Figure 10d,f shows error cases when the ground-truth female images were incorrectly recognized as male images. From this figure, the appearance of the human body in these images is ambiguous. The images in
Figure 10a,b were captured from the back view when the people wore winter clothes. As a result, it is difficult to recognize their gender (male) even by human perception. In
Figure 10c, the recognition failed because of the complex background regions. A similar situation also occurred in
Figure 10d–f. In
Figure 10d, the images of a female person were captured from the back view. In addition, the persons in both cases (
Figure 10d,f) wore winter clothes. The female person in
Figure 10e wore a military uniform. As we can see from this figure, wearing winter and/or uniform clothes can reduce the distinction between male and female. It is difficult for us to recognize the gender in these sample images despite using human perception. In addition, the surveillance system captures images at a distance from the camera (approximately 10 m). Therefore, the quality of the captured images is normally not good. These negative effects cause the consequent errors of the recognition system.
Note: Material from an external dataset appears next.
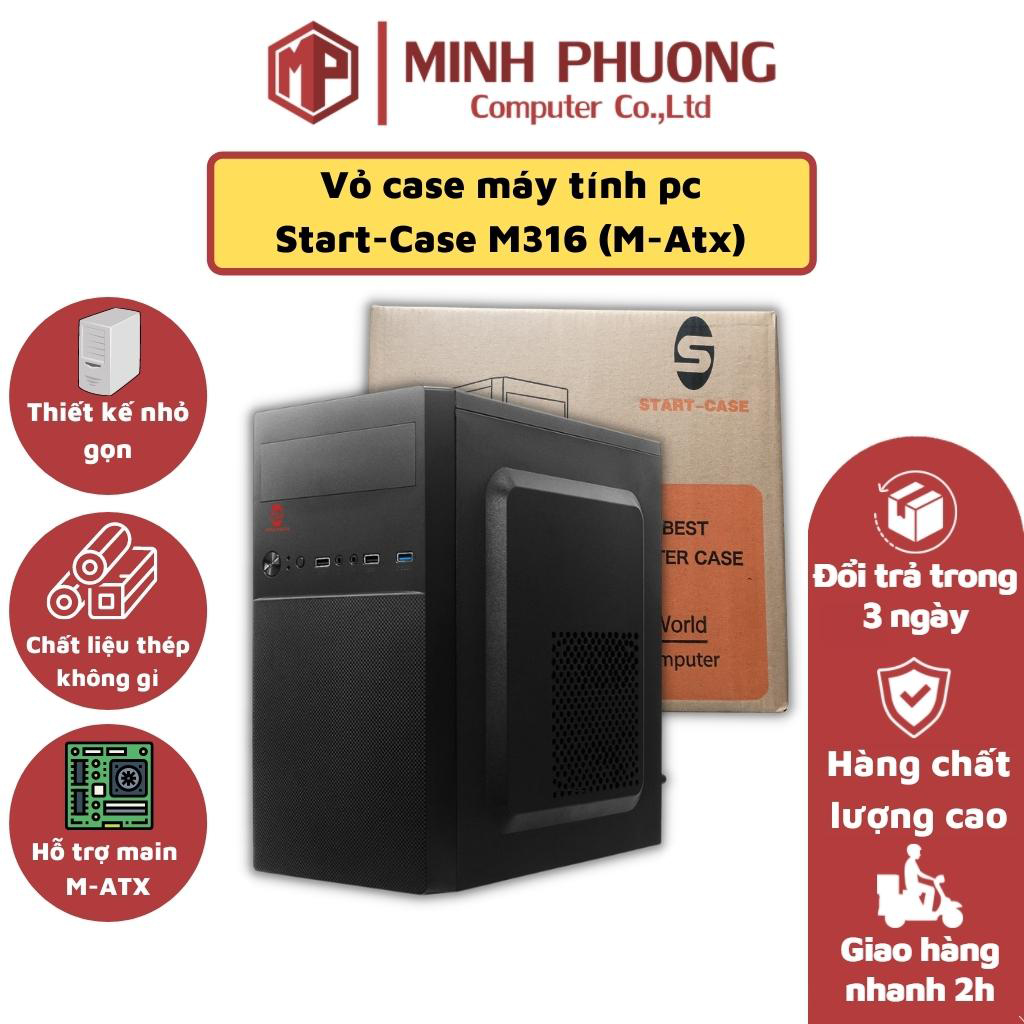 Vỏ case máy tính văn phòng Start-case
As shown in our experimental results (
Figure 8 and
Table 8 and
Table 9), the linear kernel outperformed the RBF kernel by producing a lower error (EER) value. In addition, the recognition accuracy of systems with PCA is better than those of systems without PCA (
Table 8 and
Table 9). These results are slightly different from those of the previous studies [
5,
12]. The reason is that the feature extraction methods used in these studies are different. In previous studies, the HOG or weighted HOG image feature extraction methods were used. In contrast, we used an up-to-date feature extraction method based on CNN. Given the difference of feature extraction, the linear kernel is more suitable for gender recognition than the RBF kernel using CNN-based features. As shown in the previous method by Guo et al. [
11], which used the BIFs feature extraction method for image feature extraction, the linear kernel is also the best kernel compared to other types of SVM kernels. This result is attributed to the similarity of the BIFs feature extraction method to the CNN-based method. The difference between the two methods is that the BIFs method uses predesigned Gabor kernels as filters for the convolution layers, whereas the CNN-based method trains the filters according to input data and the corresponding ground-truth labels. Consequently, the performance of the CNN-based feature is better than the BIFs features. In addition, although the image features are extracted by a trained CNN-based model, the redundant information can be associated with these features because of the noise in the input images, the characteristics of the training data, and the large variation in the human body images (such as the difference in clothes, hair styles, accessories, and other factors). Consequently, the use of PCA can enhance the recognition accuracy of the system.